→ **ABOUT THIS EXERCISE**: Hand back every line from the beginning of the data below through the line containing "Белый Фольксваген e-Golf, объемом", word for word and free of pictures.

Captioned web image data
▬▬▬▬▬▬

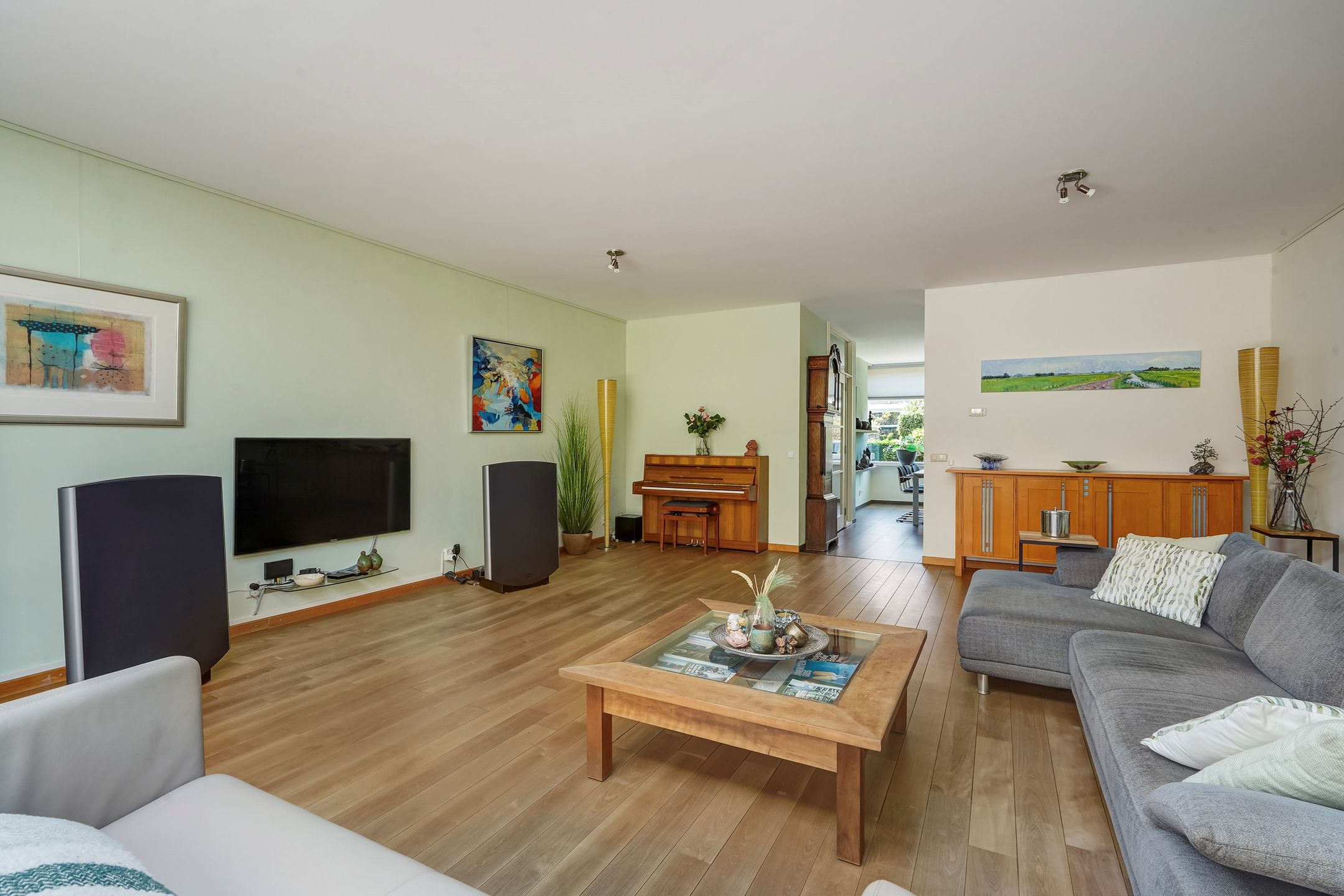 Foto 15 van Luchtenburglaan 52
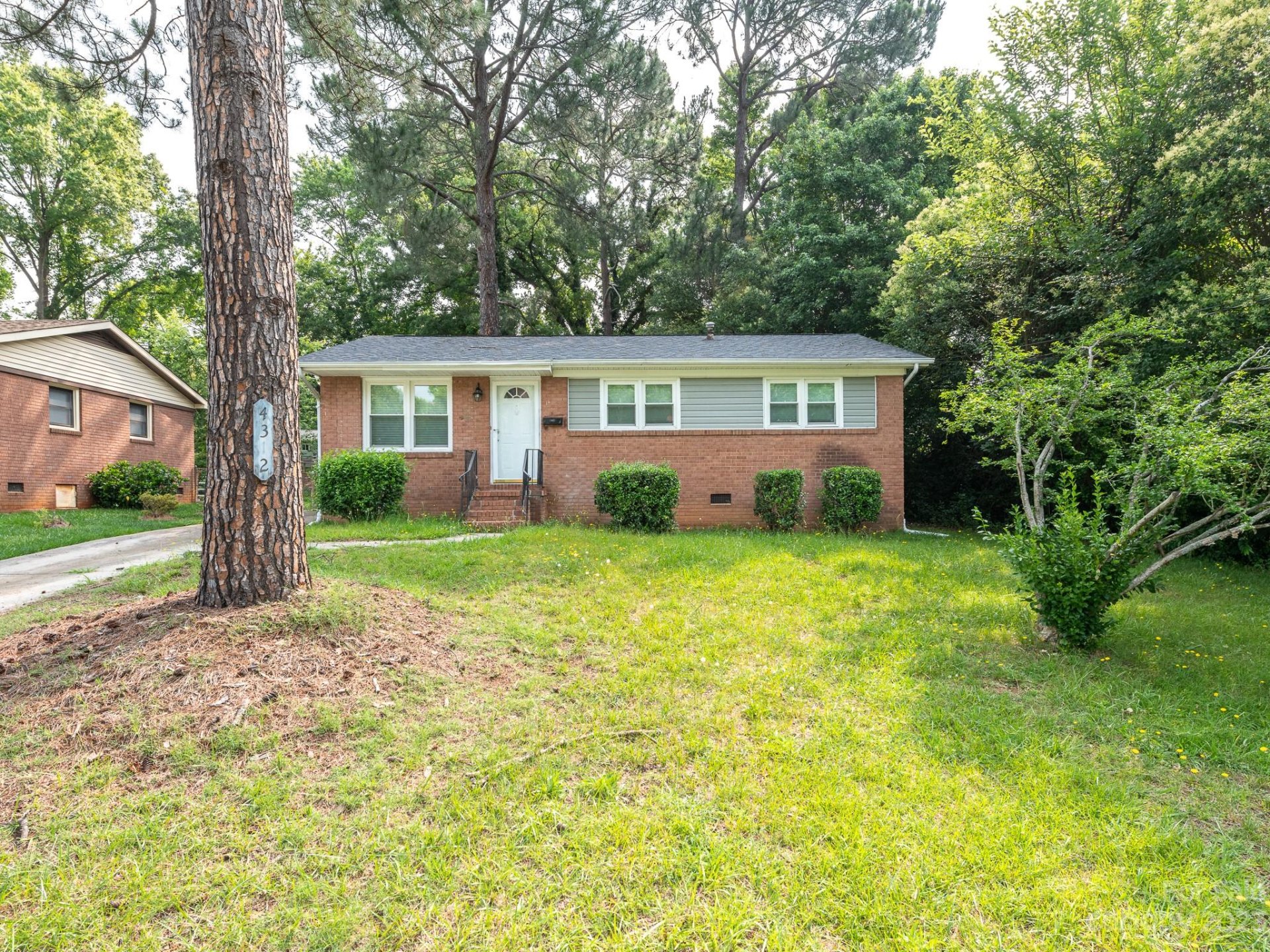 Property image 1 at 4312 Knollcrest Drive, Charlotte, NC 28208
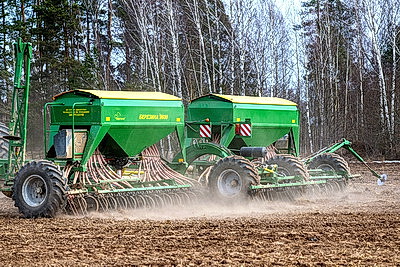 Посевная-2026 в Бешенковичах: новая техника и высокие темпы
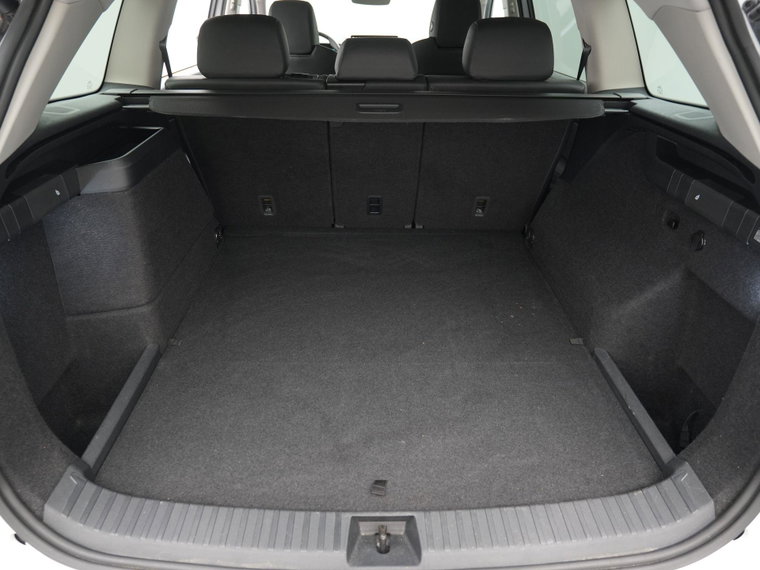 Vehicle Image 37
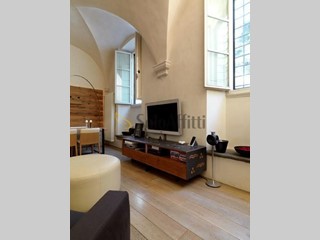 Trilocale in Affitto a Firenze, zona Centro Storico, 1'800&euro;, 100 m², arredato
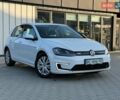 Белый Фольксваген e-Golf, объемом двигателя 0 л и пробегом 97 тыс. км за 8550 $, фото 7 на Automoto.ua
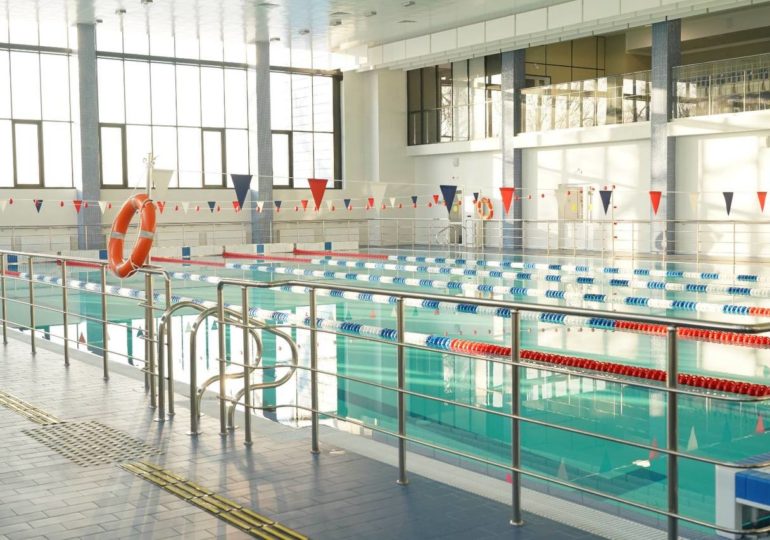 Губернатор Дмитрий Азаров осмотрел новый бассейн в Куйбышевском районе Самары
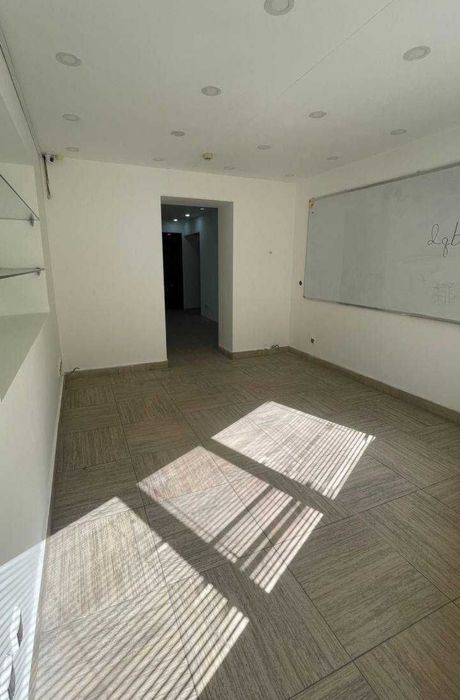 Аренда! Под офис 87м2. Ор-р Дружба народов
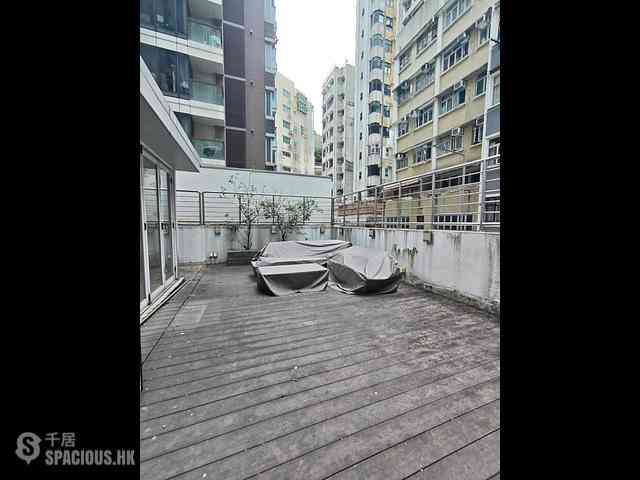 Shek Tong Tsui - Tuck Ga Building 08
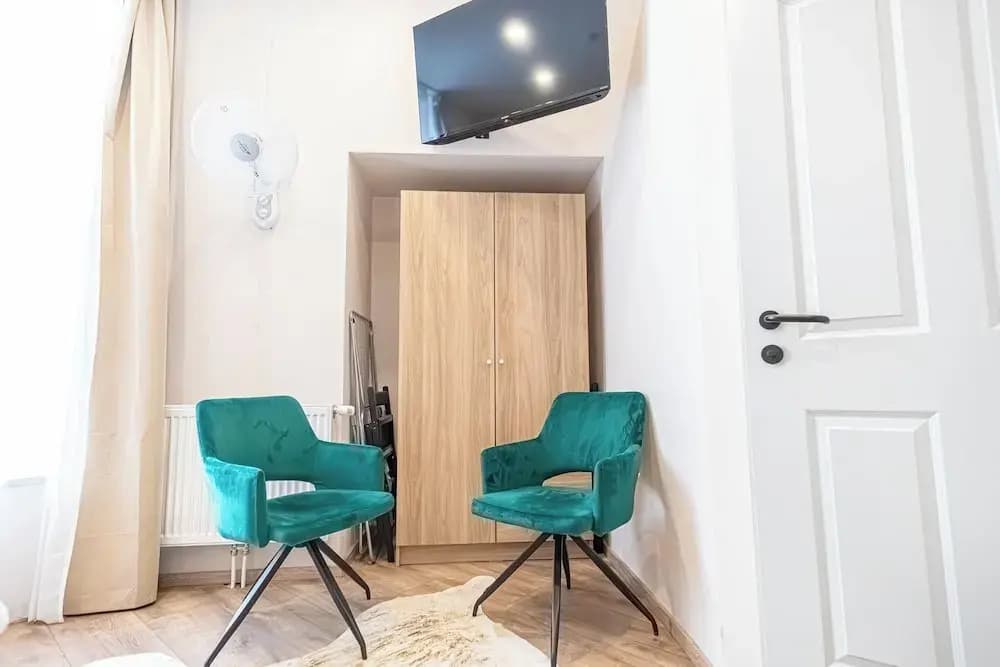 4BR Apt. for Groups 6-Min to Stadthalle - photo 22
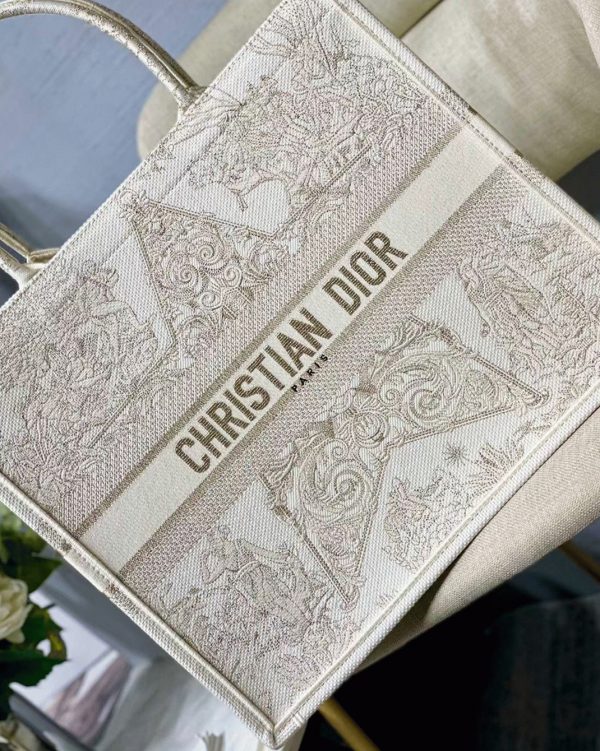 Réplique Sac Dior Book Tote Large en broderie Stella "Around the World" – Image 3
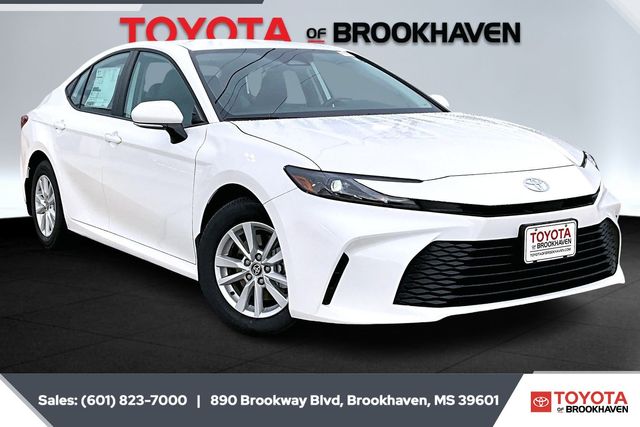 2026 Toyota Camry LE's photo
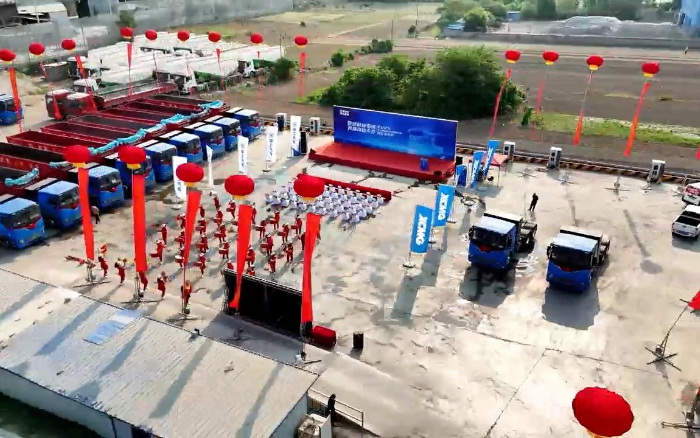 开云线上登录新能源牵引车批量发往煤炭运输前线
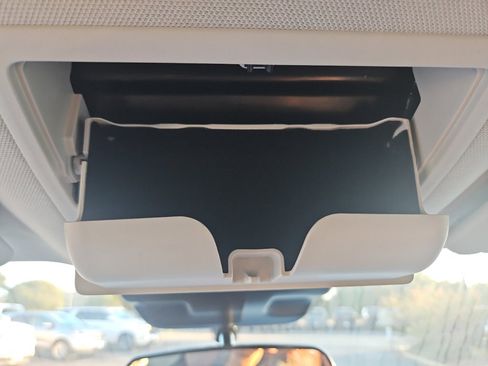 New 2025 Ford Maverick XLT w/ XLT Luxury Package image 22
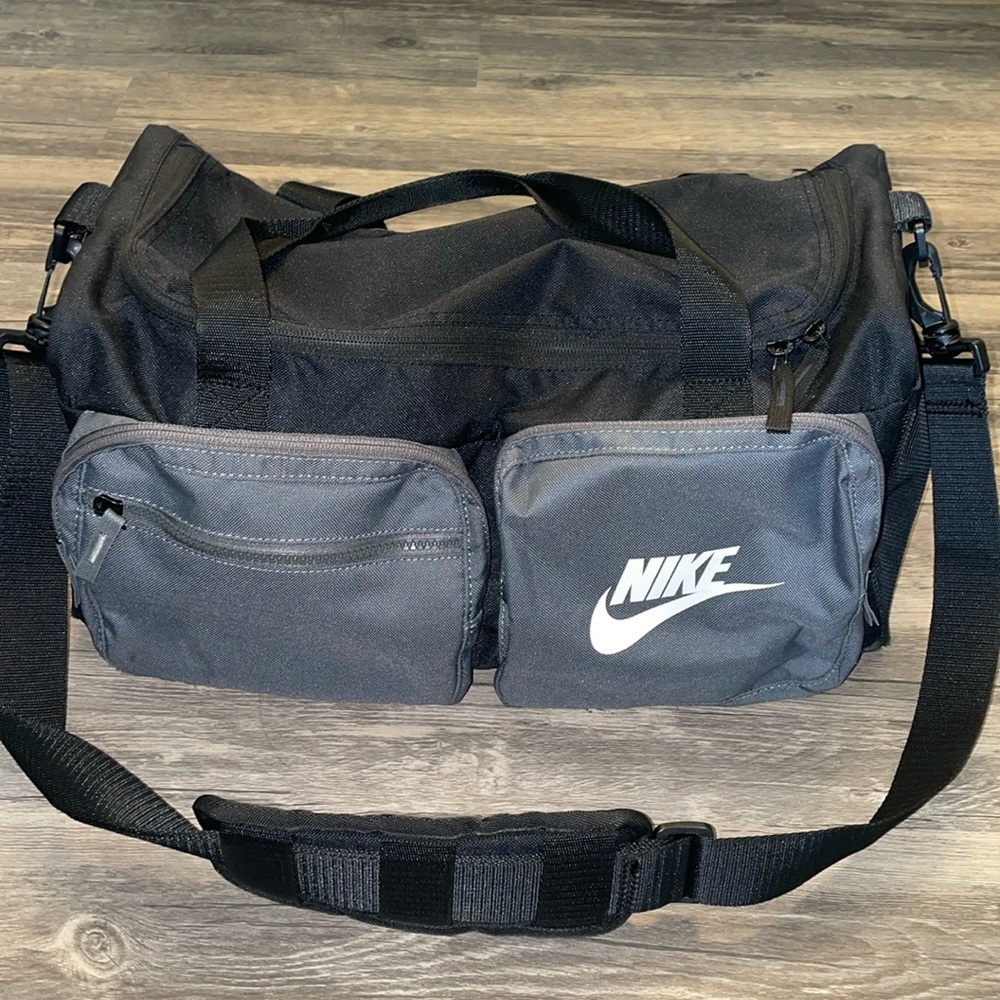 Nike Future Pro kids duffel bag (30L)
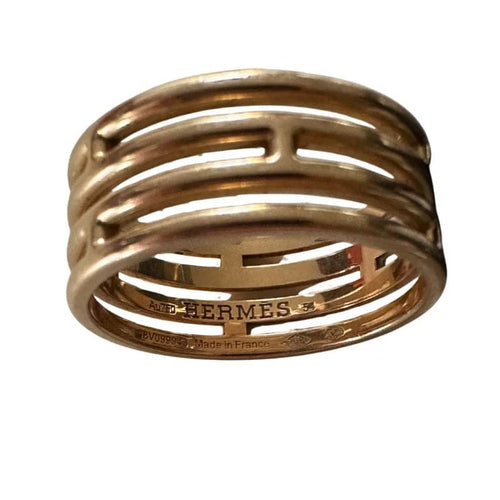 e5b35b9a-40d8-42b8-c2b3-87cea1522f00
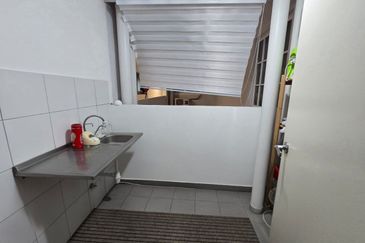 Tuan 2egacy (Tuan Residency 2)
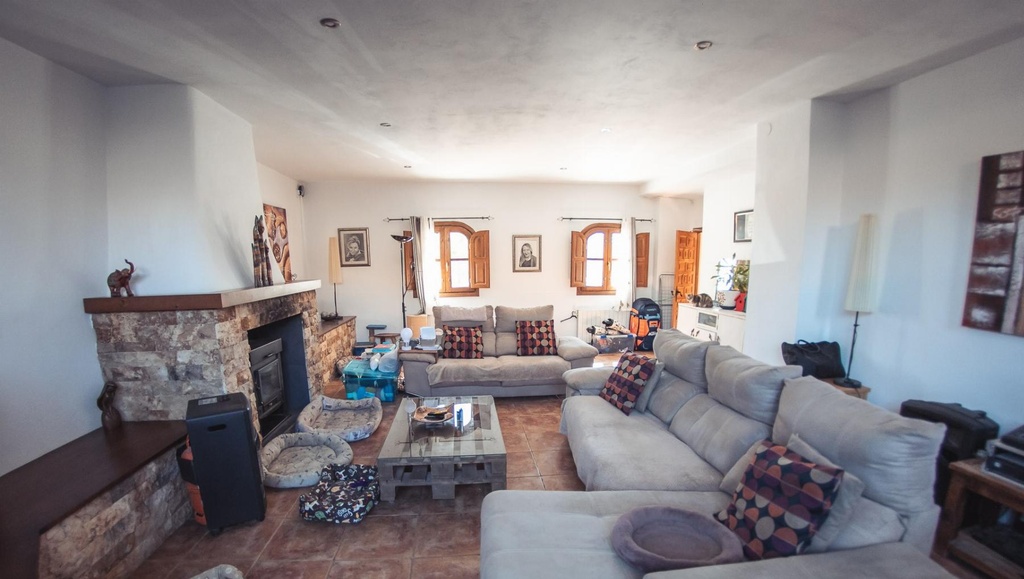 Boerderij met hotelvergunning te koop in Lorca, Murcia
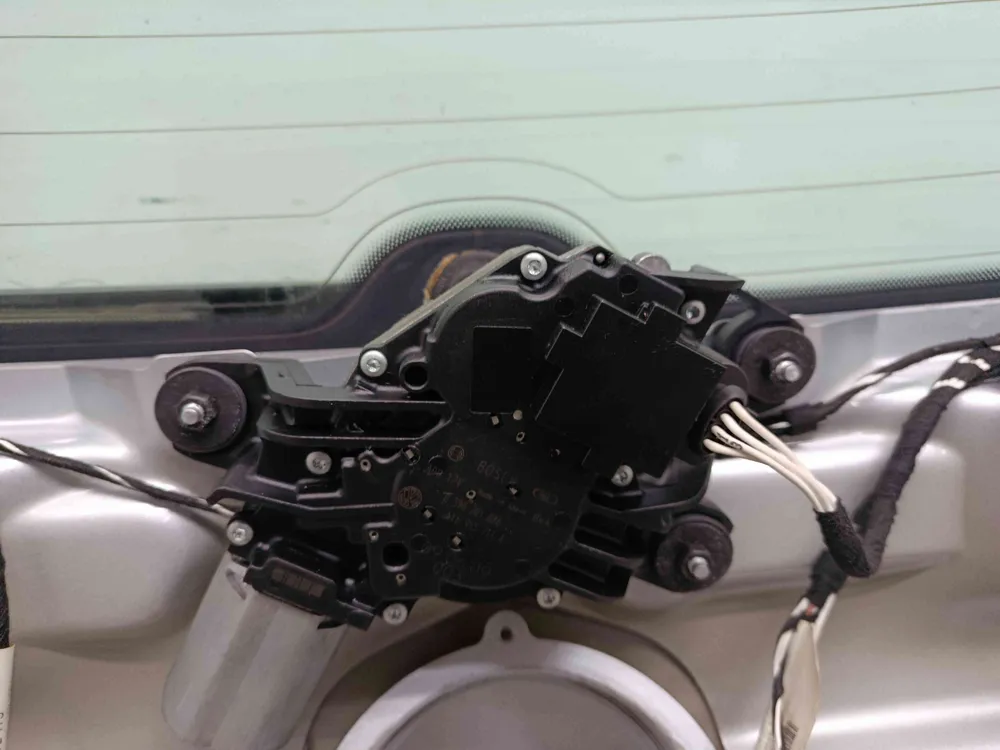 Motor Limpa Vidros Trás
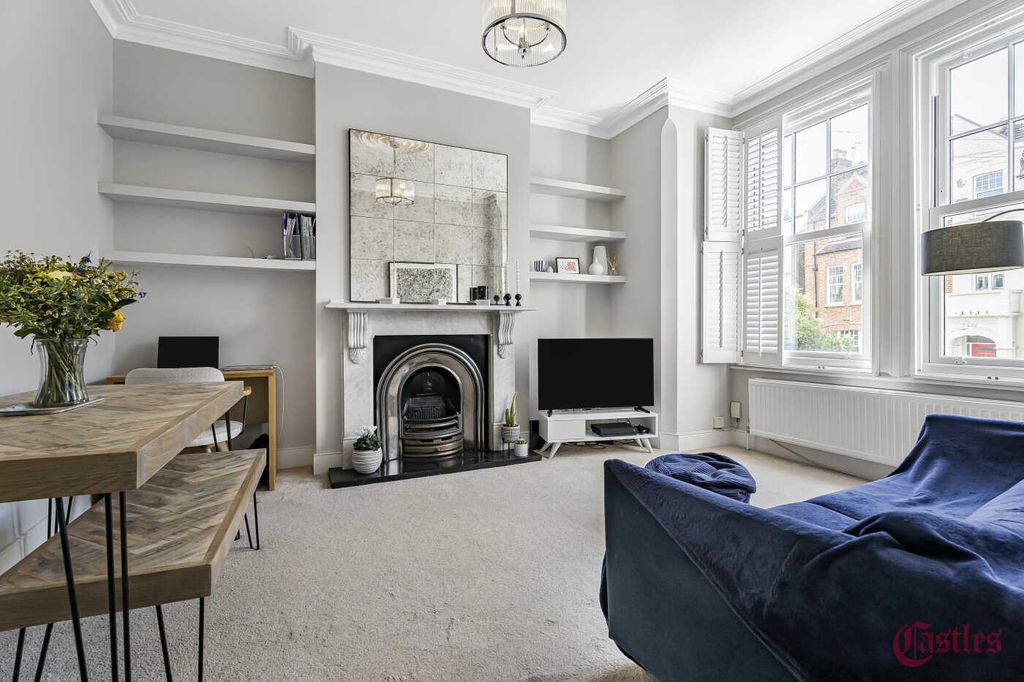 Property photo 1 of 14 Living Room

▬▬▬▬▬▬

→ **FINAL ANSWER**:
 Foto 15 van Luchtenburglaan 52
 Property image 1 at 4312 Knollcrest Drive, Charlotte, NC 28208
 Посевная-2026 в Бешенковичах: новая техника и высокие темпы
 Vehicle Image 37
 Trilocale in Affitto a Firenze, zona Centro Storico, 1'800&euro;, 100 m², arredato
 Белый Фольксваген e-Golf, объемом двигателя 0 л и пробегом 97 тыс. км за 8550 $, фото 7 на Automoto.ua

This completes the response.